The other thing that I think I have figured out has to do with pulling the tap out: If you pull it in one motion, you risk pulling the bark away from the tree all around the tap hole. I have concluded that it is best to "tunk" the tap side to side & up and down to loosen it up before pulling it out.

I've not seen either of these occurances with the plastic spouts.

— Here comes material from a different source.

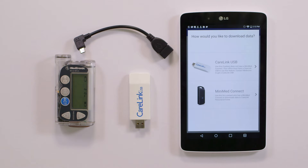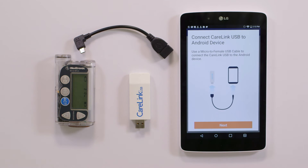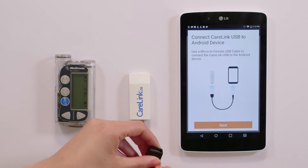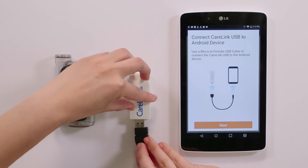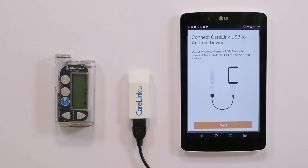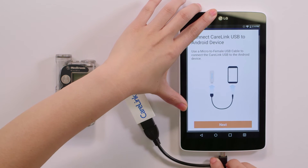Tap CareLink USB to see detailed steps on how to connect the necessary pieces to download your patient's Medtronic pump. To complete setup, connect the female end of the USB cable with the male end of the CareLink USB device. The micro end of the USB cable will be put into the tablet.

And finally, it is important to give your trees a hug once in a while. And also,.... always always...... talk nice to them.

PA mapler
06-01-2007, 04:13 PM
I finally got the chance to do some badly-needed thinning around the upper bush this spring. I hated to do it, but in the process I had to remove a few sugar maples because they were just too crowded. Four tightly-crowded 14-inch sugars, or two rapidly growing healthy sugars? Call me weird, but I'll take the 4-wheeler up to the upper bush and look at the gaps in the tree canopy, and almost hear the maples saying "Ahhhh, that's much better. . . . "

cncaboose
06-01-2007, 05:19 PM
I spent 2 and half hours in the woods last night thinning, cutting almost 100% young sugars. Thinning the young trees is the only way I'm going to get the keepers big enough to tap in my lifetime, at least while I'm physically able to do it. The young maples make fabulous sugar wood too with no splitting. I also did soil pH testing in the woods finding pH readings between 5.0 and 5.4. Time for some liming in there this year to be started soon. Trees in my yard with lime and fertilizer have been adding at least an inch of diameter every 3 years. I will confess to talking to the trees and patting them at least once in a while. Too much of that though and the guys in the white coats will be taking me away.